29 mins. (16mm; also available in 35 mm.). English titles.
Karen leaves her humble-cottage to sell match boxes under a heavy
Snowfall. She gazes wistfully at a handsome young man emerging
from a restaurant, then looks through a frosted pane at the people
eating inside until boys throw snowballs at her. As she gathers up her
spilled boxes a policeman arrives, and together hey look at a display
of dolls and other toys in a shop window. After lighting matches in
an effort to warm herself, she falls asleep and dreams that she enters
the toy shop — having become the same size as the dolls –- and sets
them all in motion. The young man glimpsed on the street appears
as Captain of the toy soldiers and declares his devotion to her,
magically conjuring up a tableful of food; but before she can eat, a
jack–in-the-box identifying himself as Death — another incarnation
of the policeman takes her carving knife and orders the soldiers
and other toys to stop. She and the Captain ride off into the clouds
with Death in pursuit; the men cross sabres, the Captain is slain,
and Death carries Karen’s prone body to a rocky hill and lays her
beneath a cross, which sprouts into a rose tree.

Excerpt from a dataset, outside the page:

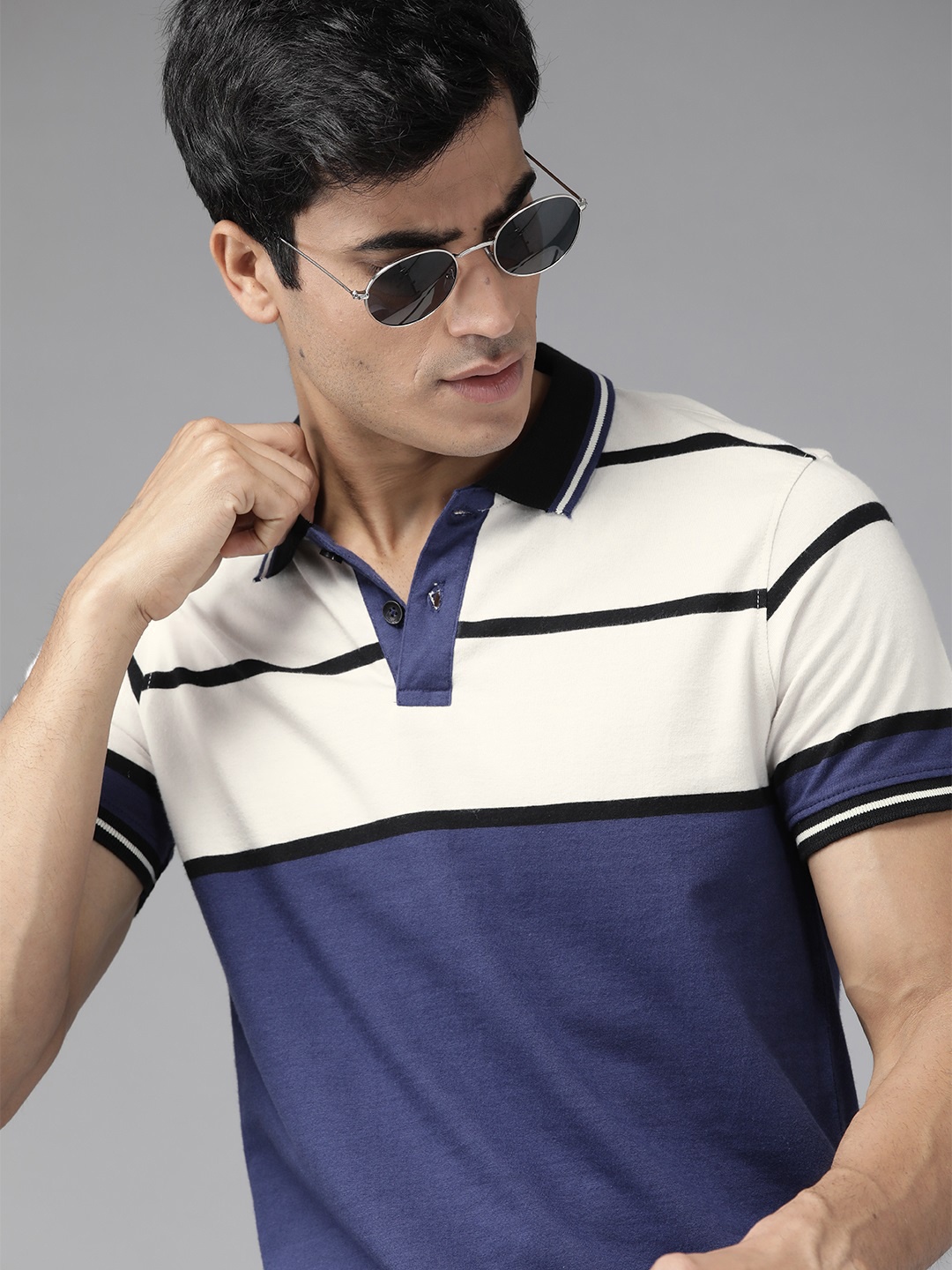 

Roadster Men Blue & Off-White Colourblocked Cotton Polo Collar T-shirt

Petals falling on her
face merge into snowflakes as the dream fades; passers-by stand
over Karen’s dead body, surrounded by burnt matchsticks in the
snow.
Asked by Rivette and Truffaut in a 1954 interview whether the
trucages in La Petite Marchande d’Allumettes represented his only
“complete experience” in that realm, Renoir replied: “No; I began
making films out of love for trucages. I had no intention of writing,
being an author, inventing stories — my ambition was to make
trucages, and I haven’t done badly since then”. The point is a crucial
one. If this lovely studio-cultured blossom seems at first glance an
exception in Renoir’s career — shot and processed in its entirety in
the attic of the Théâtre Vieux Colombier, in a project so artisanal
and home-made that Renoir and his partner Jean Tedesco supplied
their own electricity, painted the sets, and (with some outside
assistance) built their own lighting system to accommodate their
innovative use of panchromatic stock for interiors — it is a deceptive
first glance. Even as indefatigable a defender of Realism as André
Bazin tries to sneak this film in the back door by defending it as
“the incursion of Renoir’s realism into the themes and techniques
of the avant-garde”, and he is at least halfway right. From the evident
artifice of the toy train chugging through Karen’s impoverished
neighbourhood to the ‘life-like’ sizes and gestures of the toys in her
dream, The Little Match Girl serves as testimony to the unreality of
‘reality’ and the solidity of dreams. Forty-one years later, Renoir
expresses the same notion in the first episode in his Petite Théâtre,
explicitly harking back to his love of Andersen and evoking the
earlier film while inverting some of its details (such as emphasizing
the restaurant diners’ view of the beggar instead of the other way
round, and reducing the dream itself to a single image) to arrive at a
comparable conclusion. Even before she enters the momentary
solace of sleep, Karen is herself a figure of pure fantasy in the
measured doll-like comportment of Catherine Hessling. And much as
her match flames briefly illuminate visions in her mind’s eye (an
enormous sunflower, a Léger-like Christmas tree), thereby equating
life itself with the capacity to dream, the fancy table of food she is
unable to enjoy in the dream expresses her actual hunger more
concretely than her glimpse of guests in the restaurant. Renoir has
noted that neither the music accompanying the film nor the titles
belong to his and Tedesco’s conception (a different score was
originally prepared for a small ‘live’ orchestra, and no titles at all
were intended), and the faded textures of the print under review
suggest a further loss, but far from an essential one: the beauty and
splendor of Renoir and Tedesco’s attic of wonders still shine
implacably through the ravages of nearly half a century.